Please tell me you are in love with this baby, how can you not be? Here is a dense moist chocolate cake infused with warm rum syrup, sandwiched in a layer of strawberry jelly and topped with rum infused whipped cream. Once it is chilled, it is then garnished with grated dark chocolate to add to the excitement. 

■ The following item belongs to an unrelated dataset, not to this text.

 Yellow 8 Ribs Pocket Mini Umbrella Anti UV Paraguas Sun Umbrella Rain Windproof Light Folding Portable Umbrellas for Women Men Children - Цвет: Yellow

This recipe makes 2-7 inch cakes

Ingredients:

For the cake:
  • 4 eggs, at room temperature
  • 2 cups whole wheat flour
  • 2 cups dark brown sugar firmly packed
  • 1/2 cup regular cocoa powder
  • 1/2 tsp instant coffee powder melted in a few spoons of warm water
  • 1/2 tsp salt
  • 3/4 cup vegetable or canola oil
  • 1 tsp baking soda
  • 1/2 tsp baking powder
  • 1 cup buttermilk
  • 1 tsp vinegar

Filling:
  • 3 Tbsp. strawberry jelly
  • 1/2 cup rum, of your choice
  • 2 tsp sugar
  • 3/4 cup warm water
Frosting:
  • 2 cups heavy whipping cream , chilled overnight
  • 2 Tbsp. icing sugar
  • 1 tsp clear vanilla
  • 1 Tbsp. rum
  • Grated dark chocolate bar for garnish

Directions:
  1. In a bowl, whisk together flour, cocoa, baking powder, soda and salt. Set aside.
  2. Melt instant coffee powder in 1/4 cup warm water. Set aside. 
  3. In another bowl, combine oil, buttermilk, vinegar and instant coffee mixture, set aside.
  4. Powder the sugar in a blender, this helps with getting the eggs fluffy faster.
  5. Beat the eggs, vanilla and powdered sugar together until the sugar dissolves and the mixture is light and frothy.
  6. Now add the flour mixture and buttermilk mixture to the egg in three batches, alternating them. Using a spatula or wooden spoon, combine well after each addition. Set aside. 
  7. Preheat the oven at 350-degree F.
  8. Grease and flour dust two 7-inch cake pans. Add a sheet of parchment to the bottom of the pan, for easy removal. 
  9. Pour the cake batter equally into two pans. Gently tap the pans to release air bubbles. 
  10. Bake for 30-35 minutes in the middle rack. Once the cakes start to leave the edge of the pan, test it by inserting a skewer in the center. If it comes out clean, remove the pans and let cool completely. 
  11. While the cakes cool, prep the filling and frosting. 
  12. Whisk the strawberry jelly and set aside. Combine water, rum and sugar. Set aside. 
  13. In a large bowl, pour the chilled whipped cream, vanilla and rum. Whip the cream on high for 4-5 minutes. Once it starts to form soft peaks, add icing sugar and whip until the peaks are stiff. Chill it in the fridge until ready to use. 
  14. Once the cakes are cooled, remove the parchment paper from the base.  
  15. Add a spoon of whipped cream on a serving platter. Place the first cake on it. 
  16. Poke the top of the cake gently with a fork. Add half of the rum syrup on it and spread it evenly to soak. Now add a generous layer of strawberry jelly. 
  17. Place the second cake over it and repeat the soaking process with the remaining rum syrup. 
  18. When the cake has soaked the syrup in, top with the prepared whipping cream. 
  19. Grate a dark chocolate bar over the cake for garnish. 
  20. Chill the cake for a few hours before serving. Enjoy!